ETCO2 & Other Equipment
Airway Confirmation Equipment (ETCO2)
Regardless of how an endotracheal tube is placed, a verification of correct tube placement must be performed every time as incorrect tube placement may be fatal. The right mainstem and hypopharynx are the most common locations of incorrect placement of ETT. Visualization of the tube passing through the vocal cords (in the case of endotracheal intubation) should be assured. Esophageal intubation is also common. Auscultate, if possible, to verify bilateral breath sounds and absence of gurgling in the epigastric region. When performing a cricothyroidotomy subcutaneous placement of the tube may occur. For both oral and surgical airways colorimetric capnography and endotracheal detection devices should be considered to verify correct tube placement as tube misplacement can be fatal. Continuous ETCO2/wave capnography is the gold standard for initial detection of and monitoring for appropriate tube placement. (See Appendix G: Waveform Capnography & Pulse Oximetry Interpretation for a detailed description)
Other Equipment
Supraglottic airways are most commonly placed blindly. They are also not considered definitive airways in that they do not provide an inflated cuff in the trachea. Without an inflated cuff in the trachea, the airway is not protected against aspiration. Nonetheless, supraglottic airways can provide a conduit for oxygenation and ventilation. If definitive airway is required, an endotracheal tube may be placed through the supraglottic airway or a bougie may be threaded to allow for endotracheal exchange. (See Appendix D: Supraglottic Airway Placement for a detailed description.)

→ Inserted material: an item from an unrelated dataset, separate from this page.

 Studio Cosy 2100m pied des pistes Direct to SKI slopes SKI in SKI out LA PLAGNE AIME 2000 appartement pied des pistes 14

Repeated attempts at endotracheal intubation are associated with worse outcomes. Visualization of the vocal cords is vital for endotracheal intubation. Direct laryngoscopy traditionally has been used for endotracheal intubation. Although there are shortcomings described regarding the use of video laryngoscopy, including fogging especially in airways with heavy secretions, video laryngoscopy is associated with a higher first attempt intubation rate and should be considered the best option especially in those with limited experience. Nonetheless, given its limitations, airway providers must maintain competency with both techniques.

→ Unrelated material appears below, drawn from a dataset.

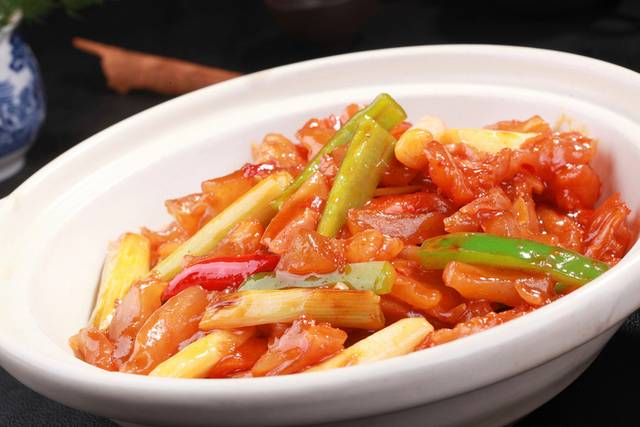 京葱烧牛筋菜品图片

An important adjunct to passing an endotracheal tube whether trans orally or through a cricothyroidotomy, is the use of a bougie (sometimes also referred to as an Eschmann Stylet). This device is simple, rugged and can be used to guide tube placement. The bougie is placed in the trachea before the endotracheal tube and may be used first to confirm proper positioning. The bougie will provide tactile feedback against the tracheal rings confirming proper placement, or by encountering a hard stop when abutted against a distal bronchus. An endotracheal tube is then introduced over the bougie into the trachea, while the laryngoscope is maintained in place to lift the laryngeal structures. Lastly, the bougie is removed. A bougie may also be used to change tubes in the case of a tube malfunction. This may be accomplished by placing a bougie in a tube or SGA that is currently positioned, remove the tube over the bougie (ensuring the bougie remains in the proper position within the airway lumen), and replacing a new tube over that bougie. Remove the bougie, leaving the new tube in place.

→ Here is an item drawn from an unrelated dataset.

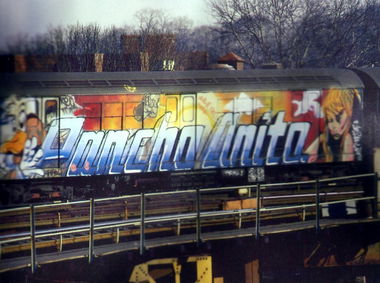 Graffiti Train in New York - Photo by Oldschool - Pancho, Anita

Placement of a nasogastric or orogastric tube should be considered following intubation of a patient in order to reduce the risk of pulmonary aspiration and prevent gastric distention. If only supraglottic airway access is available, consider using a supraglottic device that incorporates an orogastric tube port. Always measure the distance from nose to stomach and note the distance prior to insertion, then verify epigastric sounds. Always reassess tube position prior to putting anything into stomach to ensure proper gastric placement.